Solved – Non negative least squares with minimal colinearity

least squaresmulticollinearitymultiple regressionoptimizationregression

I am trying to fit a dataset using the standard NNLS (non-negative least squares) approach.
Formally:

$\min_x ||Ax-b||^2_2$ s.t. $x\ge0$

This is a quadratic program and can be solved optimally. The solution I find fits the data reasonably well and is relatively sparse (which is good for me) but has an undesirable property: I find that it may assign high weights to features (columns of $A$) that are highly correlated. I would like my solution to be such that the correlation between support features (features that have high weights) will be minimal. Note that in my setting all entries of $A$ and $b$ are non-negative, and I can normalize the columns of $A$ so that the norm of each column is 1.

I tried approaching the problem by directly minimizing possible formalizations of the quantity I want. Note that $A^TA$ is the covariance matrix, so it could potentially be a good thing to minimize (perhaps not the diagonal, though). But minimizing $||Ax-b||^2_2+x^TA^TAx$ does not make any sense and minimizing $||Ax-b||^2_2+x^T(A^TA-I)x$ makes the optimization non-convex (because you get negative eigenvalues). With this approach, I can see that intuitively this is a bit like doing the opposite of ridge-regression/Tikhonov regularization.

I also tried L1 regularization ($||Ax-b||^2_2+\lambda||x||_1$) just for the heck of it, but it doesn't solve this problem.

Formally, I am looking to modify the objective function such that it penalizes solutions in which features that are "similar" to each other both get high weights.
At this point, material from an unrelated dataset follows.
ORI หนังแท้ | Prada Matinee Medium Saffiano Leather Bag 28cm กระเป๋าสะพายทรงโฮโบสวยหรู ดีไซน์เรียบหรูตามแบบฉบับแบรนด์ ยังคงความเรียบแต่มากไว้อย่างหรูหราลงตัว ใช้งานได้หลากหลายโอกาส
There are several ways to formalize this notion, for example one being that I would like the support columns to be as orthogonal as possible.

Does anyone have ideas on how else to approach this?

Best Answer

I think minimizing $\| Ax -y \|^2 + \lambda x ^\top A^\top Ax$ does make sense. think of it as just a particular non-diagonal covariance gaussian prior. then you can vary $\lambda$ (and cross validate) to achieve different error/feature support tradeoffs.

Related Solutions

Solved – Least squares with non-linear constraints

As I've said in the comment, this is not a constrained optimisation problem, i.e. there are no constraints.

Define

$$\psi(x)=\begin{cases}T^2,|x|>T\\x^2,|x|\le T\end{cases}$$

Then the optimisation problem can be rewritten as

$$w^*=\text{argmin}_w\sum_{i=1}^n\psi\left(y_i-\sum_{j=1}^nx_{ij}w_j\right)$$

Such types of minimisation problems were first considered by P. J. Huber in 1964. This particular problem then is a robust statistics problem. More complicated example is least trimmed squares, where the portion of largest in absolute value errors are discarded. The latter method is implemented in R package robustbase with function lmrob.
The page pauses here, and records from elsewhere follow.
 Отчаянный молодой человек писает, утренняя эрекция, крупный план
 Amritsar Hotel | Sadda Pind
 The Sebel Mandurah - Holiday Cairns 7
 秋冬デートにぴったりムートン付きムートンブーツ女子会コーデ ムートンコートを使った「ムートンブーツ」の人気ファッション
For your particular problem you can use optim. Here is the example (in R). First setup dummy data and functions:

 psi <- function(x,T) { 
   x[abs(x)>T]<-T
   x^2
 }

 optfun <- function(w,T) {
     sum(psi(y-X%*%w,T=T))
 }

 ##Create sample data set    
 set.seed(13)
 X <- cbind(1,rnorm(100))
 y <- 1+ 0.5*X[,2] + rnorm(100)/2

 ##Contaminate data 
 smpl <- sample(1:100,10)
 X[smpl,2] <- 10

Now run the optimisation:

> optim(c(0,0),optfun,T=2)
$par
[1] 0.95419635 0.03152925

$value
[1] 48.39998

$counts
function gradient 
      77       NA 

$convergence
[1] 0

$message
NULL

See the slope is far from the true value. Reduce the value of $T$:

> optim(c(0,0),optfun,T=1)
$par
[1] 1.0072015 0.5557612

$value
[1] 31.67965

$counts
function gradient 
      63       NA 

$convergence
[1] 0

$message
NULL

Now we get the true values. In this simple example I ignored all the possible optimisation issues, i.e. the choice of starting values and choice of optimisation method. It is not hard to extend this code to produce standard errors of the coefficient estimates, see package numDeriv.

Solved – Formal errors from non-negative least-squares

If you would be OK using R I think you could also use bbmle's mle2 function to optimize the least squares likelihood function and calculate 95% confidence intervals on the nonnegative nnls coefficients. Furthermore, you can take into account that your coefficients cannot go negative by optimizing the log of your coefficients, so that on a backtransformed scale they could never become negative.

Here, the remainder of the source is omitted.